--- EXERCISE REQUIREMENTS ---
Starting at the line that holds "image for item", restate every line word for word up to and including the last one in the listing below, and omit all pictures.

--- DATA UNDER STUDY ---
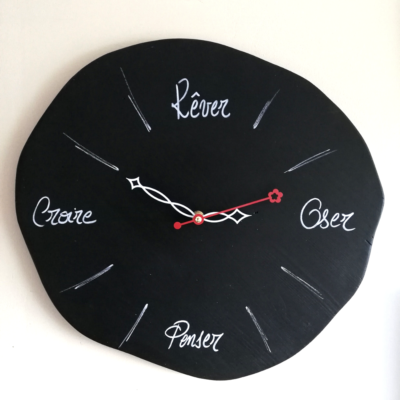 horloge-murale-bois-décoration-personnalisé-citation-artisanal-pendule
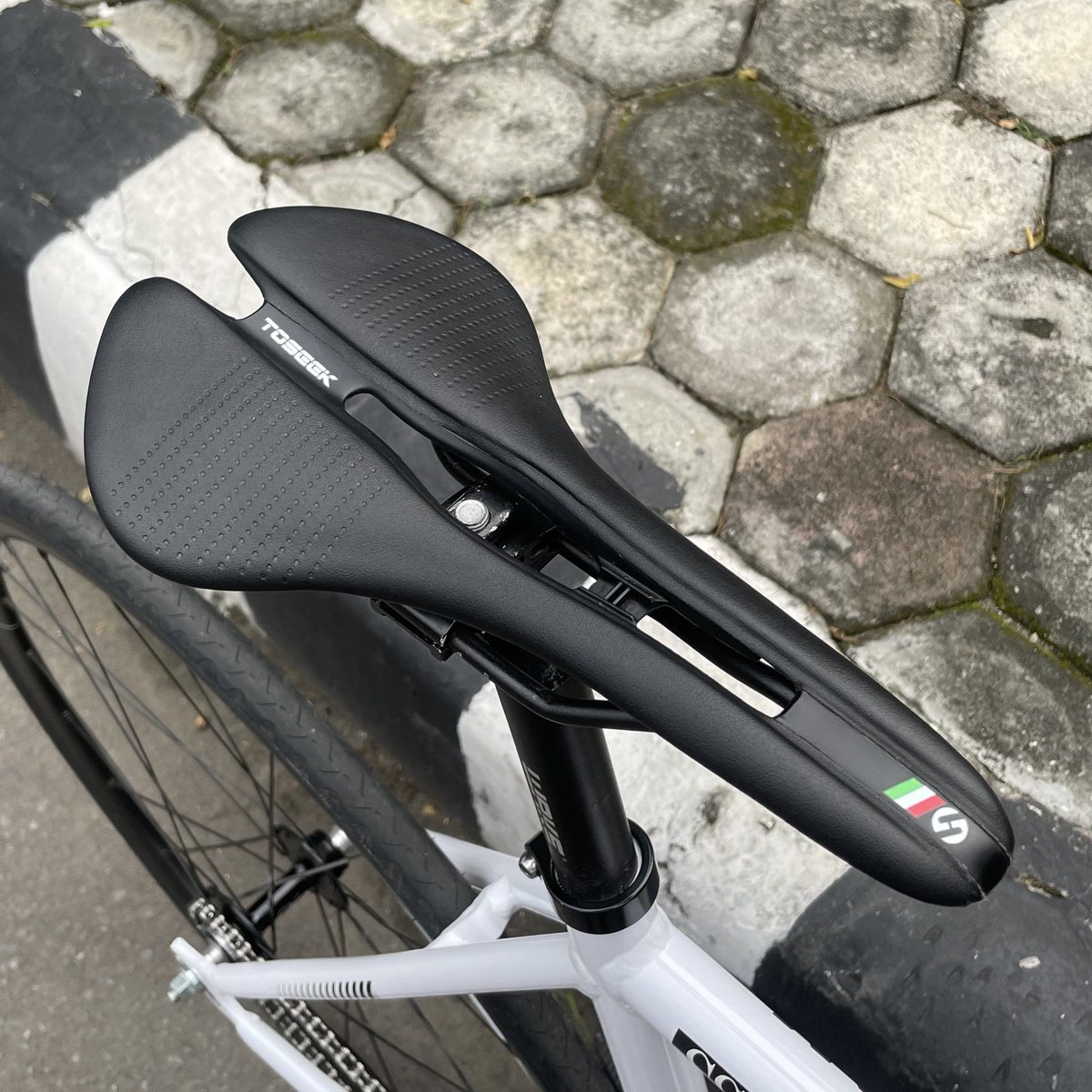 i hate monday tweet media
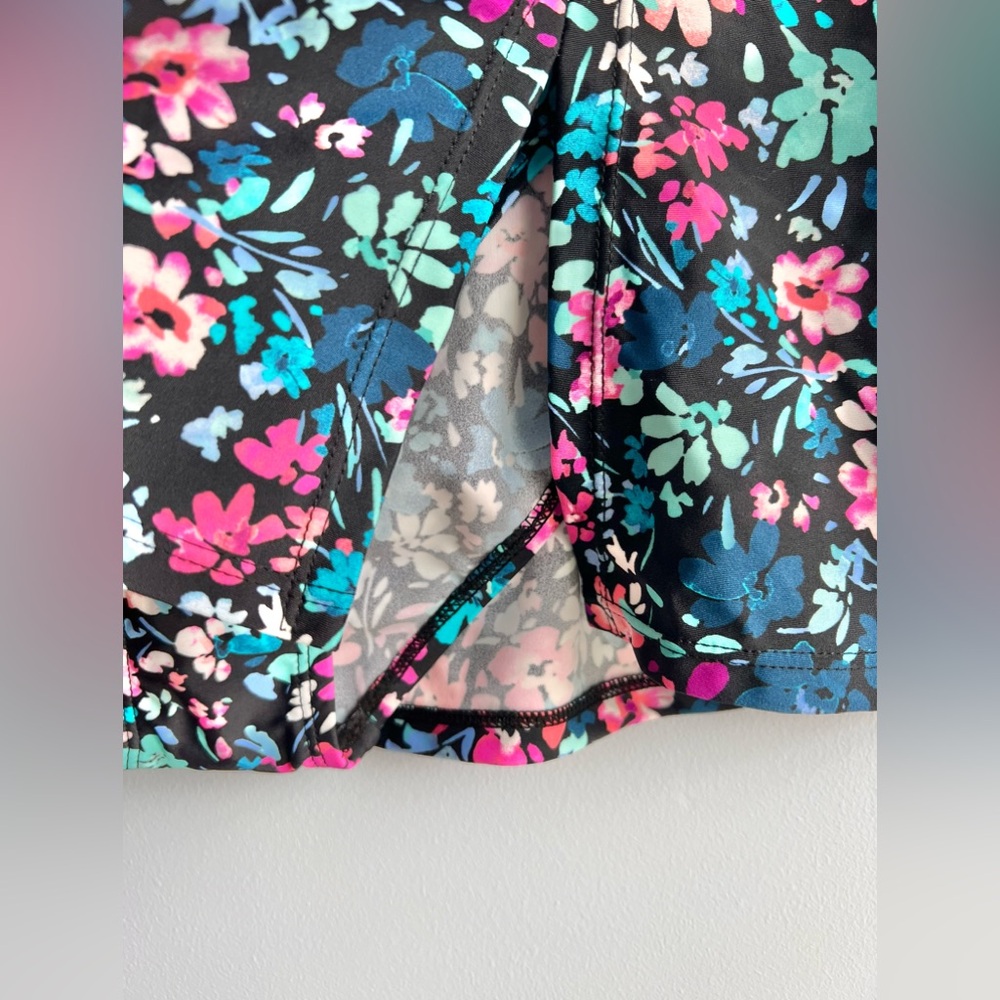 ISLAND ESCAPE Women's Lux Skirtini - Picture 4 of 7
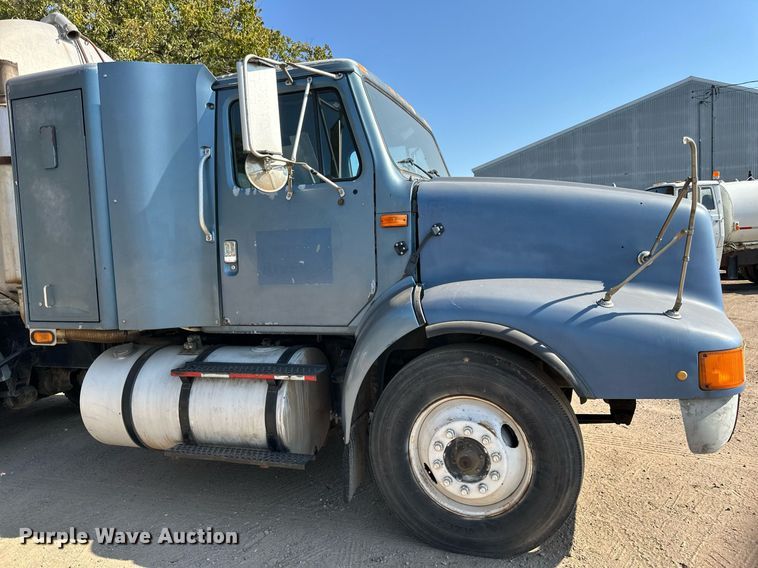 image for item LR9521 1993 International  8200 tank truck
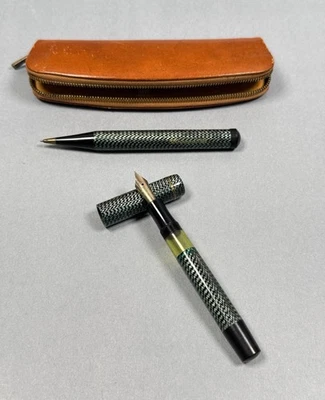 Juego de Pluma Estilográfica y Lápices WK Original De Colección con Estuche con Cremallera Foto 1 de 4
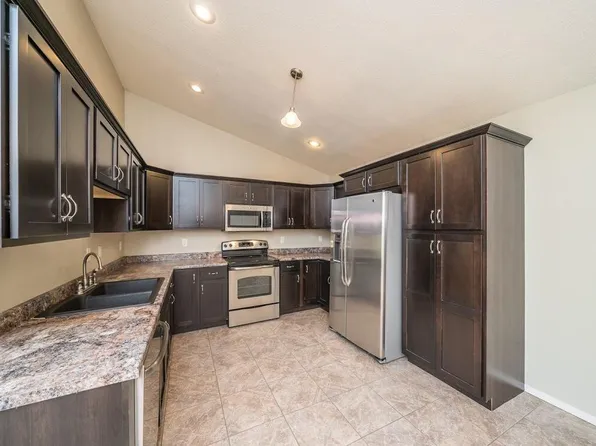 2002 S Shafer Dr, Sioux Falls, SD 57110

--- EXPECTED ANSWER ---
 image for item LR9521 1993 International  8200 tank truck
 Juego de Pluma Estilográfica y Lápices WK Original De Colección con Estuche con Cremallera Foto 1 de 4
 2002 S Shafer Dr, Sioux Falls, SD 57110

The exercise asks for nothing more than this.